Announcing Canopy v0.4

Today I’m publishing version 0.4 of Canopy, my PEG parser compiler for Java, JS, Python and Ruby. This is long overdue and fixes a number of key usability problems, as well as adding a few new features.

The most urgent problem it fixes is that it was depending on behaviour of the mkdirp package that broke when mkdirp v1.0 was released. When this happened, we couldn’t release a patch because Canopy was also depending on a neglected home-grown build system, and it would have been a huge effort to get that working again. The mainline development branch of Canopy had since dropped said build system, but contained a lot of work in progress that wasn’t ready to ship. The result of all this was that we couldn’t ship a patch for v0.3, and v0.4 wasn’t ready yet. The good news is that you can now run Canopy via normal installation from npm, rather than building the project from source:

$ npm install -g canopy

The other major thing this release fixes is that when we first released support for different target languages, those languages didn’t have their own test suites. Instead we heavily unit-tested the systems that parse grammars and talk to the code generator, but only the code generator for JavaScript was actually tested. For the other languages we were relying on a few example programs and trying to keep the code as simple as possible, so that all the code generators were doing was “boring” direct translation of high-level logic into particular language syntax.

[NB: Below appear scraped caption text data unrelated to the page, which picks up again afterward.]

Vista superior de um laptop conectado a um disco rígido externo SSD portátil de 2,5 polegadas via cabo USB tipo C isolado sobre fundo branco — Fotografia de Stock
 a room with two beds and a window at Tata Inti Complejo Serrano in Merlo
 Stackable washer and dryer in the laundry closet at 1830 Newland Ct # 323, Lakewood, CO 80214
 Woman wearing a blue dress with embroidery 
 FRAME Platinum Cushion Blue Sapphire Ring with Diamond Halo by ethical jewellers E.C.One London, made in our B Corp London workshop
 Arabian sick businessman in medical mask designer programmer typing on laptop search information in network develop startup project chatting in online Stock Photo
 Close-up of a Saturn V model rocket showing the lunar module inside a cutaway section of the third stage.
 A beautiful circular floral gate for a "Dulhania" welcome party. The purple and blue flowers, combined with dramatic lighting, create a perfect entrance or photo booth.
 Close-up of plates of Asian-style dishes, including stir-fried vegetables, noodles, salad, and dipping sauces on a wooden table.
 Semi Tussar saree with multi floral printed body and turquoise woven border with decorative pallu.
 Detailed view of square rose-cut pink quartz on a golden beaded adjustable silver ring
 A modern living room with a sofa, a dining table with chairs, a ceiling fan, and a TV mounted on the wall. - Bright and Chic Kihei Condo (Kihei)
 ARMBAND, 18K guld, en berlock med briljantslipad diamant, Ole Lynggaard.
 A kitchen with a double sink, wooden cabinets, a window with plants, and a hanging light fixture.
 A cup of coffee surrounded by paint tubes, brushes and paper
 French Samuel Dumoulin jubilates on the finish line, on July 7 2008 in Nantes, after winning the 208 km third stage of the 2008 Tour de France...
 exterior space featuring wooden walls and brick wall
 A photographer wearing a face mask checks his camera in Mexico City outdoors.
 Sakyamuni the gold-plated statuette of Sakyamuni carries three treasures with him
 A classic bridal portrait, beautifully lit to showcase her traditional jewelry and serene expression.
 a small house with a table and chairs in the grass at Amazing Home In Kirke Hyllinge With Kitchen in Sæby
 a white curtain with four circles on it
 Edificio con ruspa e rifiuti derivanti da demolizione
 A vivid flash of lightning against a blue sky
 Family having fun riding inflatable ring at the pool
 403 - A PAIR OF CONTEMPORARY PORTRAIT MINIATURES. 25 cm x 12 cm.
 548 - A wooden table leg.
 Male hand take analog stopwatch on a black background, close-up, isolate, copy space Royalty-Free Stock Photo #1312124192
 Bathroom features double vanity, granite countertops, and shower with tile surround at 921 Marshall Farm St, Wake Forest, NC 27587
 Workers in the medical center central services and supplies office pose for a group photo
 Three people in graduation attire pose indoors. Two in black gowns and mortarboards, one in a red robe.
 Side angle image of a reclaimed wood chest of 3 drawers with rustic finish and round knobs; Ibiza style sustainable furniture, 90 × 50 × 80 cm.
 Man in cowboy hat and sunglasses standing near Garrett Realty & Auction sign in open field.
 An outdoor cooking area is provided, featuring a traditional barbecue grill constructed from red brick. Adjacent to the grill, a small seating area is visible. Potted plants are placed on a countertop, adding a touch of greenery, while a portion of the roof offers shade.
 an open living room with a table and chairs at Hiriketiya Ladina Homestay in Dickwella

As you might guess, this didn’t work, and we ended up with a few language-specific bugs, for example:

  • In Java and Python, if a rule attempted to read past the end of the input, you would get a crash rather than a normal failure of that rule.
  • The Java Actions interface would sometimes not include all required actions, and wouldn’t compile if an action was used in multiple places in a grammar.
  • In Python it was possible for a conditional block to contain no statements, and a pass statement needs to be inserted in these cases.

Canopy now has a complete copy of all its tests written for all target languages, so we can be sure that all its functionality works on all platforms, and make sure any bugs we find get fixed reliably.

We’ve also added some new features and usability improvements. First, sequence expressions can now mute their elements, if you don’t want those elements to produce nodes in the parse tree. For example, given this grammar:

grammar Hash
  object  <-  @"{" string @" => " number:[0-9]+ @"}"
  string  <-  "'" [^']* "'"

The items with a @ prefix will not generate tree nodes, so we can remove items that don’t contribute useful information and are just syntactic noise:

require('./hash').parse("{'foo' => 36}")

   == { text: "{'foo' => 36}",
        offset: 0,
        elements: [
          { text: "'foo'", offset: 1, elements: [...] },
          { text: '36', offset: 10, elements: [...] }
        ],
        string: { text: "'foo'", offset: 1, elements: [...] },
        number: { text: '36', offset: 10, elements: [...] } }

Second, we’ve added numeric repetition to match that found in regular expressions. As well as the * and + operators, we now have:

  • expr{n} matches expr exactly n times
  • expr{n,} matches expr at least n times
  • expr{n,m} matches expr at least n times and at most m times

So for example, [a-z]{3,5} matches 'bad' and 'apple', but not 'no' or 'bananas'.

Finally, we’ve added an --output option to the command line. Normally, the output location is decided by either:

  • For languages that generate a single file, replace the .peg suffix of the grammar file with a language-specific extension.
  • For languages that generate multiple files, create a directory named the same as the grammar with the .peg extension removed.

This automatic decision can now be overridden using the --output option. A language-specific extension will be automatically added to this path if needed. In Java, the package name is set to match the output location. In Ruby, the grammar module is still named after the grammar name in the file, for example if the grammar file begins grammar A.B.C then the ruby module will be named A::B::C regardless of where the output is written to.

That covers all the functional changes. The last thing to mention is that Canopy v0.4 is published under the Mozilla Public License 2.0 rather than the GPLv3. We had a question about the licensing of derivative works, because parsers generated by Canopy contain snippets of its source code. In v0.3 these were really just tiny fragments glued together by the code generator, but it was enough to make some users cautious. This is even more of an issue in v0.4, because we’ve changed the implementation to use template files to generate more of the code, so the generated files do contain substantial chunks of Canopy’s code.

We’ve switched to the MPL to try to strike a balance. I would like Canopy itself, and modified versions of it, to remain free software, and they must be distributed under the MPL. However, if you use Canopy to build a parser and embed that parser in a larger program, it is our intention that you can distribute the result under whatever terms you want, as long as Canopy itself remains free. The MPL’s terms for Larger Works cover this.

That about covers it. Because of the situation the project was in, it had become very difficult to ship for quite a long time, but this is hopefully now resolved and future changes can be made much more quickly. So do install v0.4 and let me know if you find any issues!